Señor Ventura wrote: Sun Sep 07, 2025 4:45 pmthe trick is to preload your tiles in VRAM and then update the Mode 7 tilemap
No, you don't understand.

Sprite multiplexing works* because the limit on sprite count is the length of the sprite attribute table. For example, a SNES physically only has enough OAM for 128 sprite definitions, and a Mega Drive in H40 mode will never scan and process more than 80 entries in the SAT. Thus, changing the SAT while rendering (if you can pull it off) can result in extra sprites by repurposing entries that have already been used further up the screen.
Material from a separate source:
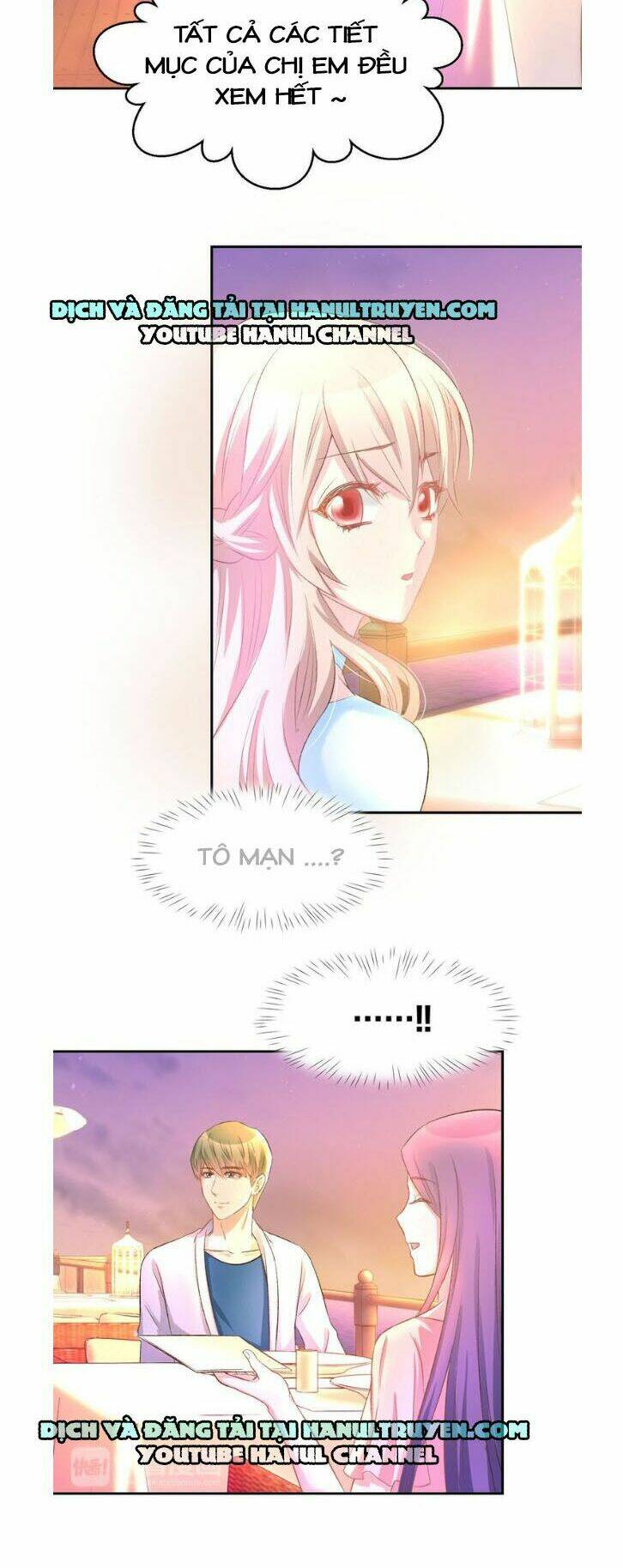 hôn nhân ấm áp : tổng tài sủng vợ thành nghiện chapter 12 4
Background layers don't work that way. There are 16384 entries in the Mode 7 tilemap - far more than necessary to enumerate 256 unique tiles (and, just to note, far more than necessary to cover the screen without repeating areas of the tilemap, unless you zoom out much further than the Art of Fighting games do). The limiting factor for BG layers is the data format of the tilemap, and the question is: how many unique tile indices can exist given the number of bits available in each tilemap entry to specify them?

(The analogous restriction in the SNES sprite system is not the 128-sprite limit but the 16 KB sprite tile data limit. You can bust this limit by changing the tile lookup base addresses midscreen, but see below for why a similar trick cannot work for a Mode 7 BG layer.)
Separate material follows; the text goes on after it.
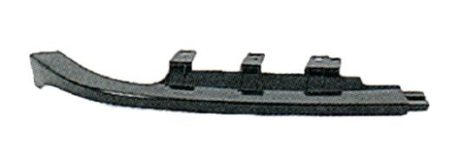 Moldura Inferior Faro Delantero Derecho Mazda 323 (1995->)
In the case of SNES Mode 7 (other BG modes work differently), the tilemap entries are 8-bit. You can only specify tile indices between 0 and 255. This means that modifying the tilemap cannot possibly affect the number of tiles Mode 7 can access at one time.
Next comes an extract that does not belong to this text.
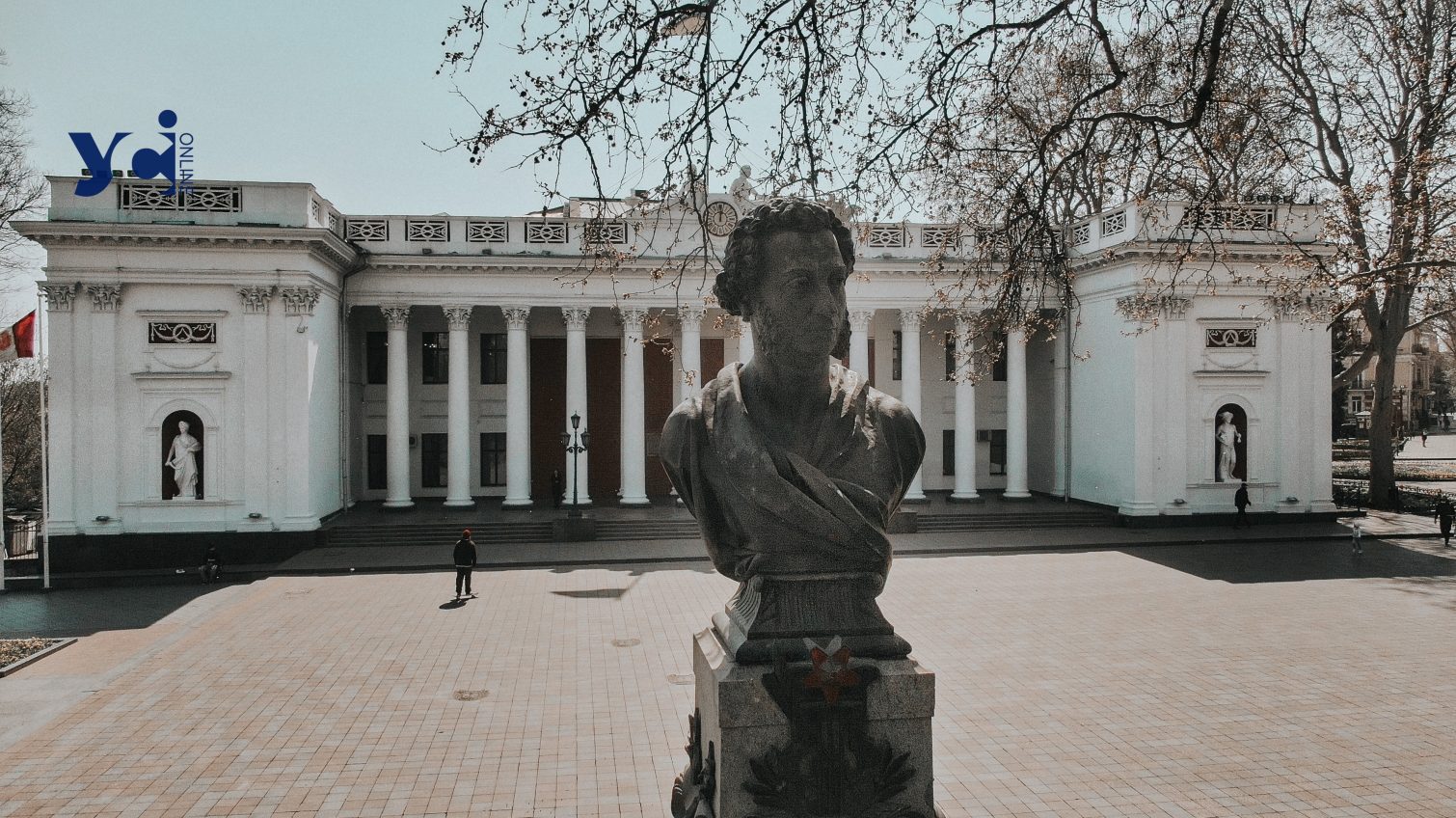 Пам’ятник Пушкіну не демонтують, а перенесуть у відповідний музей, – Міністр культури usionline.com Пам’ятник Пушкіну не демонтують, а перенесуть у відповідний музей, – Міністр культури «фото»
That by itself wouldn't be a showstopper, because normally (i.e. in all other BG modes and even the sprite system) the tile pool's base address can be changed, resulting in those tile indices suddenly pointing to a different part of VRAM. But in Mode 7, you cannot change the tile pool's base address. Tile data is hardwired to start at the bottom of VRAM.

There is nothing you can do about this. Mode 7 is locked to 256 tiles in one frame unless you update the tiles themselves during HBlank, which is very slow and is wildly impractical in basically every type of game for reasons I have already alluded to.


* on systems where it does, which the SNES... may be one of, but probably only with impractically precise timing due to how OAM access works

...

It was not my intention to hijack a Neo Geo thread. I merely wanted to supply a potentially interesting fact that related peripherally to the discussion.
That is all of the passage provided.